On 05/21/2018 03:51 PM, Simo Sorce wrote:
On Mon, 2018-05-21 at 11:52 +0200, Pavel Březina wrote:
On 05/18/2018 09:50 PM, Simo Sorce wrote:
On Fri, 2018-05-18 at 16:11 +0200, Sumit Bose wrote:
On Fri, May 18, 2018 at 02:33:32PM +0200, Pavel Březina wrote:
Hi folks,
I sent a mail about new sbus implementation (I'll refer to it as sbus2) [1].

Sorry Pavel,
but I need to ask, why a new bus instead of somthing like varlink ?

This is an old work, we did not know about varlink until this work was
already finished. But since we still provide public D-Bus API, we need a
way to work with it anyway.

Ack, thanks, wasn't sure how old the approach was, so I just asked :-)

Now, I'm integrating it into SSSD. The work is quite difficult since it
touches all parts of SSSD and the changes are usually interconnected but I'm
slowly moving towards the goal [2].

At this moment, I'm trying to take "miminum changes" paths so the code can
be built and function with sbus2, however to take full advantage of it, it
will take further improvements (that will not be very difficult).

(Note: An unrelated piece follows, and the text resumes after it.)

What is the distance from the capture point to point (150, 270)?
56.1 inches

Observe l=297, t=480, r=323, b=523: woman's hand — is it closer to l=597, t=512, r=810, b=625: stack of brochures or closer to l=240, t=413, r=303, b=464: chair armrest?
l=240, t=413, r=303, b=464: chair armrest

There is one big change that I would like to take though, that needs to be
discussed. It is about how we currently handle sbus connections.

In current state, monitor and each backend creates a private sbus server.
The current implementation of a private sbus server is not a message bus, it
only serves as an address to create point to point nameless connection. Thus
each client must maintain several connections:
   - each responder is connected to monitor and to all backends
   - each backend is connected to monitor
   - we have monitor + number of backends private servers
   - each private server maintains about 10 active connections

This has several disadvantages - there are many connections, we cannot
broadcast signals, if a process wants to talk to other process it needs to
connect to its server and maintain the connection. Since responders do not
currently provider a server, they cannot talk between each other.

This design has a key advantage, a single process going down does not
affect all other processes communication. How do you recover if the
"switch-board" goes down during message processing with sbus ?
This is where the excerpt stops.